Strong, spicy blonde beer with firm maltiness and a warming finish.
Glass: Tulip beer glass
You can explore the yeast potential in this recipe. As, POF+, this yeast can produce clove-like aromas. So you can play with the Ester/4-VG ratio.
RECIPE FOR 100L
Step 1: Mashing
Mash-in and follow the profile below:
Mash-in at 63°C
Rest for 40min at 63°C
Rise to 68°C at 1°C/min. Rest for 20min at 68°C
Rise to 72°C at 1°C/min
Rest for 10min at 72°C and do the Iodine Test
Rise to 78°C at 1°C/min
Rest for 2min at 78°C to mash out
Once the mash is done, filter and sparge with water at 78°C
Step 2: Boiling
Boil for 75min.
Hop addition 1: After 15min add Perle.
Hop Addition 2: After 70min add Palisade
Spices Addition: After 70min add Cinnamon and Star Anise.
Whirlpool to remove the trub
Step 3: Fermentation and Maturation Cool down the wort to 18°C and pitch the yeast. Ferment at 18°C for 2 days then rise to 22°C. Once the fermentation is done (FG reached and off-flavors removed – about 7 days), drop the temperature to 8°C and rest for 1 day, and then harvest the yeast.

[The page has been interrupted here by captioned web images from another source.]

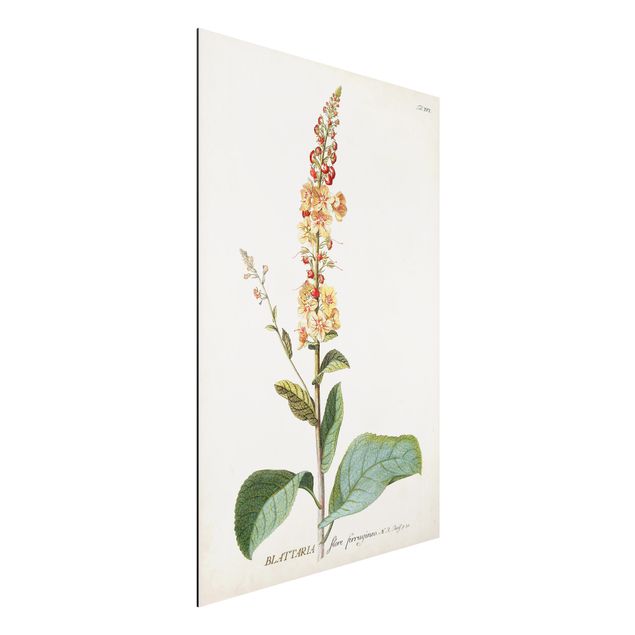 Déco mur cuisine Illustration botanique vintage Mullein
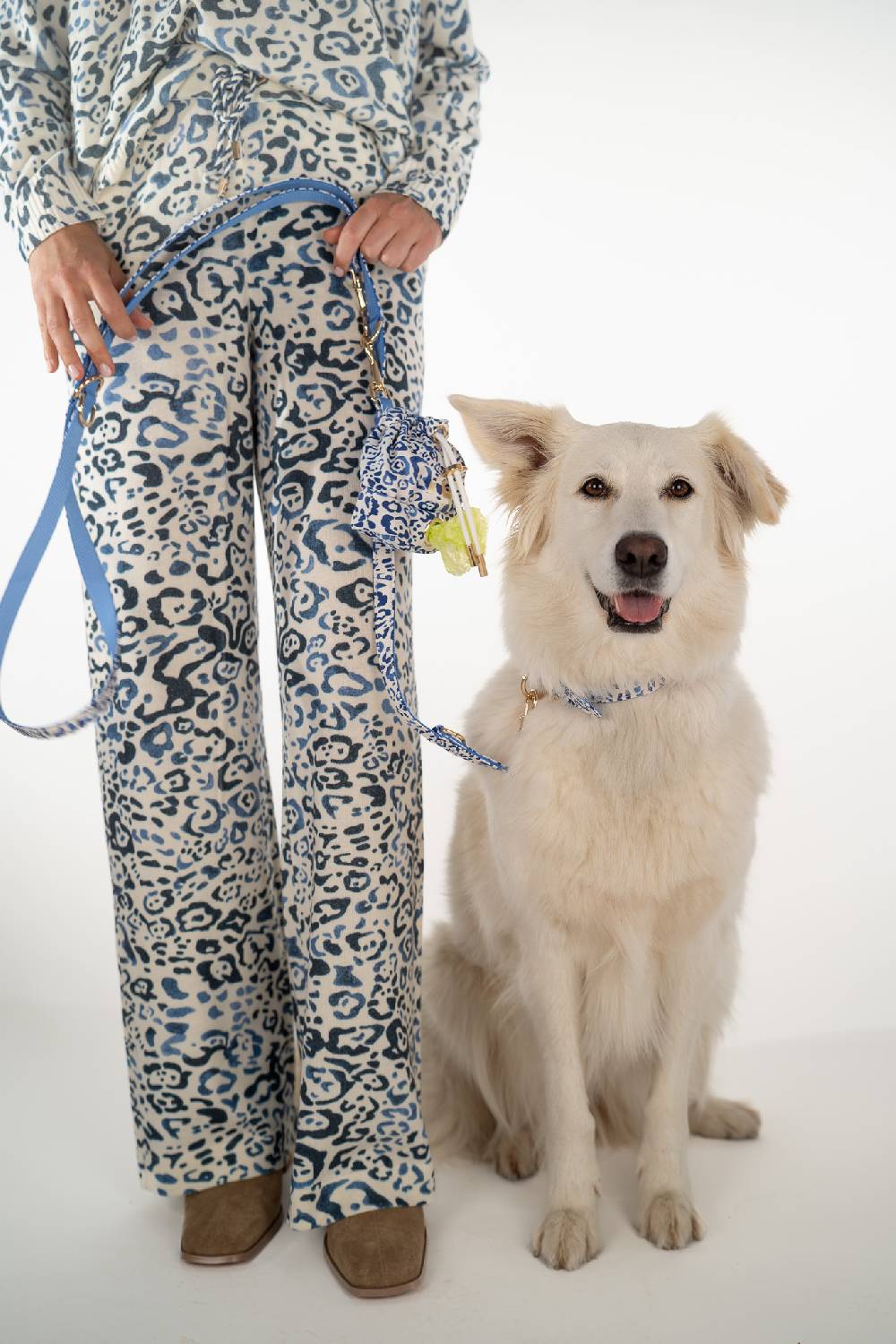 IVI GmbH BLUE LEO Hundeleine Valentinstagsangebot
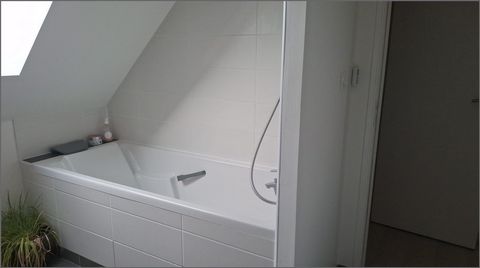 photo no. 13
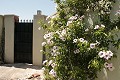 Lovely 3 Bed 2 Bath Villa in Abanilla. in Real Estate Alicante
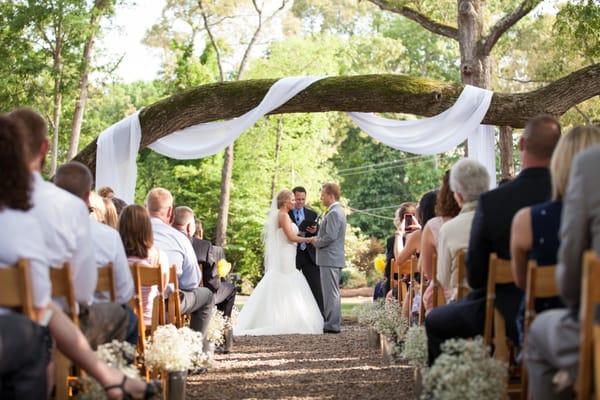 A beautiful prayer tree ceremony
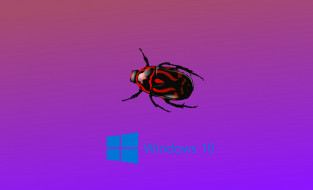 ����������, windows  10, ���, �������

Drop the temperature to 2°C and rest for 10 days.
Step 4: Cold Aging and Packaging Cold age the beer at -1°C for 5 days, remove the residual yeast, and carbonate until 2.8 volumes of CO2. The beer is ready to package and drink. Enjoy! *For refermentation in the bottle, add brewing sugar and SafAle F-2.